Beauty, dont on ne connaît pas le nom de famille, enceinte, malade, qui souhaitait rejoindre sa soeur pour finir sa grossesse, et a refusé de laisser son mari, reconduite en Italie par la gendarmerie française en pleine nuit, alors qu’elle avait du mal à respirer du fait d’un lymphome, décédée au mois de mars.
Votre projet de loi va creuser ce sillon macabre.
Cet aveuglement politique, qui nous mène depuis 40 ans dans une voie sans issue, n’est pourtant pas sans alternatives.
Nous en formulerons un certain nombre lors de ce débat, à partir des propositions de notre groupe “Pour une politique migratoire humaniste, solidaire, raisonnée et réaliste” :
- gestion migratoire concertée à l’échelle internationale et européenne;
- suspension et renégociation des règlements de Dublin et des accords du Touquet;
- accueil inconditionnel respectueux des droits des migrants et des migrantes;
- création de nouveaux statuts de détresse climatique et humanitaire, pour répondre aux enjeux contemporains;
- dépénalisation du séjour irrégulier;
- régularisation, oui, des travailleurs et travailleuses sans papiers;
- accès de tous et toutes à l’apprentissage de notre langue…
La France insoumise défend une politique raisonnée et réaliste parce que humaniste et solidaire.

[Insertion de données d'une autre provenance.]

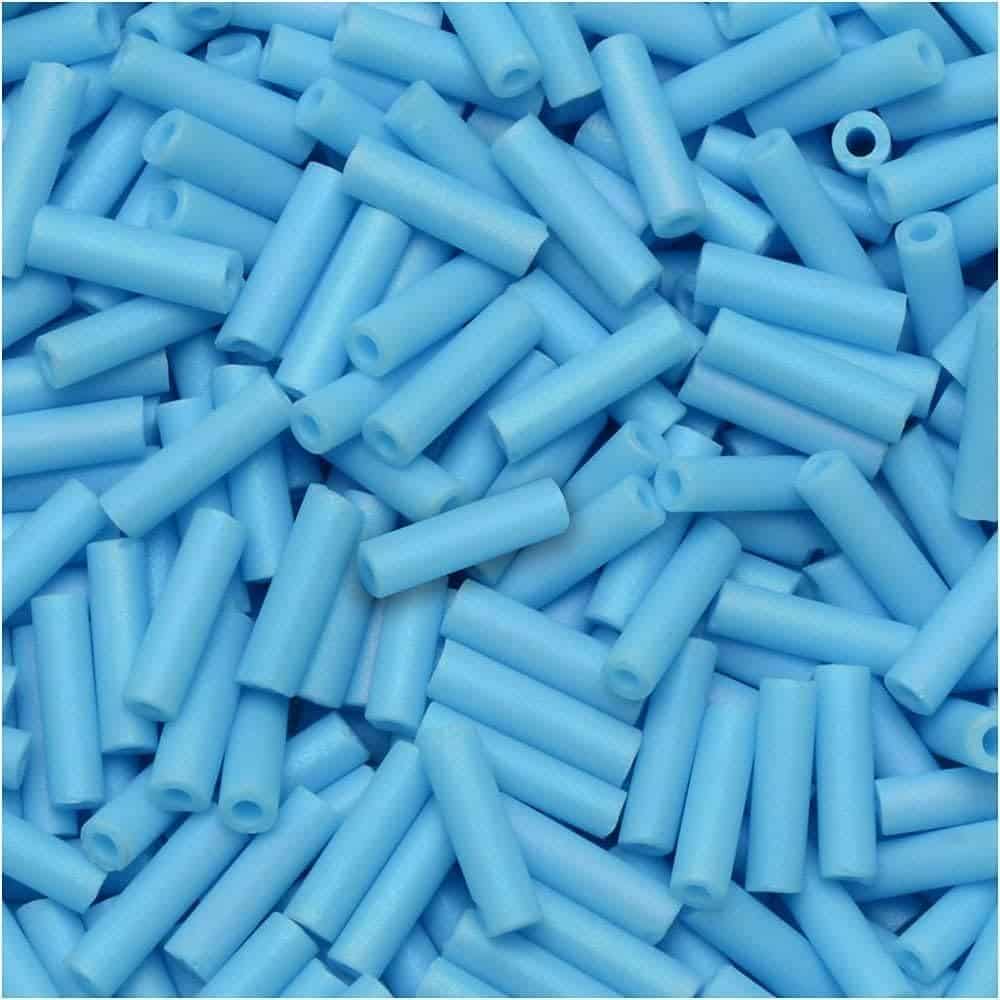 Miyuki Bugle Beads Size #2, 6mm, 17GM Matte Opaque Turquoise AB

Une politique qui se base sur ce qui fait non seulement notre République mais plus profondément : ce qui fait société.
Notre pays est un mélange d’origines diverses, qui en font la force et la richesse. Il perdure parce que nous choisissons de faire communauté, politiquement, et d’avancer ensemble. Seul ce constat peut fonder une véritable politique migratoire par et pour le peuple. Le reste, comme ce projet de loi, ne sont que des instrumentalisations dangereuses destinées à faire reculer les luttes communes contre les inégalités et les injustices.
Au fond, ce projet de loi, et c’est peut-être philosophiquement sa plus grande inconséquence, fait bien peu honneur à l’histoire de notre pays.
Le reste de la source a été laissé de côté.